### Given entries

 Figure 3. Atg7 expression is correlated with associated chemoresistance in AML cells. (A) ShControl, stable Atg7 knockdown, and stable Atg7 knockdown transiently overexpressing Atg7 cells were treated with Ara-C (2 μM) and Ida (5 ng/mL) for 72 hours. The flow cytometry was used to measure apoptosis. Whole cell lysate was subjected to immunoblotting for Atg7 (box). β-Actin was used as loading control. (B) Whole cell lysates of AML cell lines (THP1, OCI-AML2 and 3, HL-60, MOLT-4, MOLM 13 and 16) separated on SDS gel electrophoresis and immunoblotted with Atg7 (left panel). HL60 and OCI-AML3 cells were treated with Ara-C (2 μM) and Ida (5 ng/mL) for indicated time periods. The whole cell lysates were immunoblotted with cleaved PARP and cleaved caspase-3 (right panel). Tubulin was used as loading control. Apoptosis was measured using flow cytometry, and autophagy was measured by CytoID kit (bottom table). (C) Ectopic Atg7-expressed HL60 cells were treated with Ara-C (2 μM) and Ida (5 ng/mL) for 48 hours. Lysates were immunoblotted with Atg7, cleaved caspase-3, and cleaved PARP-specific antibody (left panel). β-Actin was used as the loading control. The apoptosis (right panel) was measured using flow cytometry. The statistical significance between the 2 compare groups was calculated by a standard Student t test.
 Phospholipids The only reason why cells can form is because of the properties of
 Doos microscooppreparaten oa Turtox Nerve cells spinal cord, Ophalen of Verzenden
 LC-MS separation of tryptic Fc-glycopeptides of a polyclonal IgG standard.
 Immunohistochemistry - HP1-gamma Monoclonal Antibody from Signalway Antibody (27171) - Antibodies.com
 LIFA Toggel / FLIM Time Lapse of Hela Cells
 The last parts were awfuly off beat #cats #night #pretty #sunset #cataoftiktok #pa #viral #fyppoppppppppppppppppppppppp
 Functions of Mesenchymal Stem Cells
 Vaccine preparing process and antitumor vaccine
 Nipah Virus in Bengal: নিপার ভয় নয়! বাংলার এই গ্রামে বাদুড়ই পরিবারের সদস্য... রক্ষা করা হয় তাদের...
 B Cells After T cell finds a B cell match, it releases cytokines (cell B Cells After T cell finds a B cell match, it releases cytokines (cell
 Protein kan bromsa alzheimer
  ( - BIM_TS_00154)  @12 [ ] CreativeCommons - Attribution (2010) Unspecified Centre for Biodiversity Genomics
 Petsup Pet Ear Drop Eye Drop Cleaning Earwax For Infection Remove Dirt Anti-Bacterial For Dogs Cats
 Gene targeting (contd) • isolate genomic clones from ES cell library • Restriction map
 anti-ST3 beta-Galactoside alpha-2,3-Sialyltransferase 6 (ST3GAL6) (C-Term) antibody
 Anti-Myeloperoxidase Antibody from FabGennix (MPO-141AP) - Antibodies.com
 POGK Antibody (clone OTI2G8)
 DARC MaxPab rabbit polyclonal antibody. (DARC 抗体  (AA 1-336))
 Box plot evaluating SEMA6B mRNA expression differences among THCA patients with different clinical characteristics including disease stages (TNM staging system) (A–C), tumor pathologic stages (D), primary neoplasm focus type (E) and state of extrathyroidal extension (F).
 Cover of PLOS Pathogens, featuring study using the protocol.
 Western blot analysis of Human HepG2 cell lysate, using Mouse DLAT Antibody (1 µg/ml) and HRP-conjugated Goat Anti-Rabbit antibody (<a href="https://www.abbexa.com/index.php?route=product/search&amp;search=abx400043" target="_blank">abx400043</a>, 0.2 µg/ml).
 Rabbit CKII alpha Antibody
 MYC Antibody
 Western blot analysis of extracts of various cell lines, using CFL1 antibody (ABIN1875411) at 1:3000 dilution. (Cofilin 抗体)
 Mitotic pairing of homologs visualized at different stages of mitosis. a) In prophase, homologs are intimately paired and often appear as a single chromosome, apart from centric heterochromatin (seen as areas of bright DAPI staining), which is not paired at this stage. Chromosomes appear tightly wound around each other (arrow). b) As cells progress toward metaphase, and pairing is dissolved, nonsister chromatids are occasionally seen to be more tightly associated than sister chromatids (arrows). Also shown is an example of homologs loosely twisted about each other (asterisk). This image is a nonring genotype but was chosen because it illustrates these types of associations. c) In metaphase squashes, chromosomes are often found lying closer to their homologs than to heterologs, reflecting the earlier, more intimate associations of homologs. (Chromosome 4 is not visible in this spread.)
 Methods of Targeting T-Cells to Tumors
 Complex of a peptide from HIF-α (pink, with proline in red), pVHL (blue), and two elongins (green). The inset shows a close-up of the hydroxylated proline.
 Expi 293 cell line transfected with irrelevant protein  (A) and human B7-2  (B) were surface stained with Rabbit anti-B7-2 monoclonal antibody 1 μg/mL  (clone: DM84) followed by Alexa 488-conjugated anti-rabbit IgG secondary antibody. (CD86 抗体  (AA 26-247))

######

Which lines of the data include the string "stages"? Find them and copy each one.

Expected output:
 Box plot evaluating SEMA6B mRNA expression differences among THCA patients with different clinical characteristics including disease stages (TNM staging system) (A–C), tumor pathologic stages (D), primary neoplasm focus type (E) and state of extrathyroidal extension (F).
 Mitotic pairing of homologs visualized at different stages of mitosis. a) In prophase, homologs are intimately paired and often appear as a single chromosome, apart from centric heterochromatin (seen as areas of bright DAPI staining), which is not paired at this stage. Chromosomes appear tightly wound around each other (arrow). b) As cells progress toward metaphase, and pairing is dissolved, nonsister chromatids are occasionally seen to be more tightly associated than sister chromatids (arrows). Also shown is an example of homologs loosely twisted about each other (asterisk). This image is a nonring genotype but was chosen because it illustrates these types of associations. c) In metaphase squashes, chromosomes are often found lying closer to their homologs than to heterologs, reflecting the earlier, more intimate associations of homologs. (Chromosome 4 is not visible in this spread.)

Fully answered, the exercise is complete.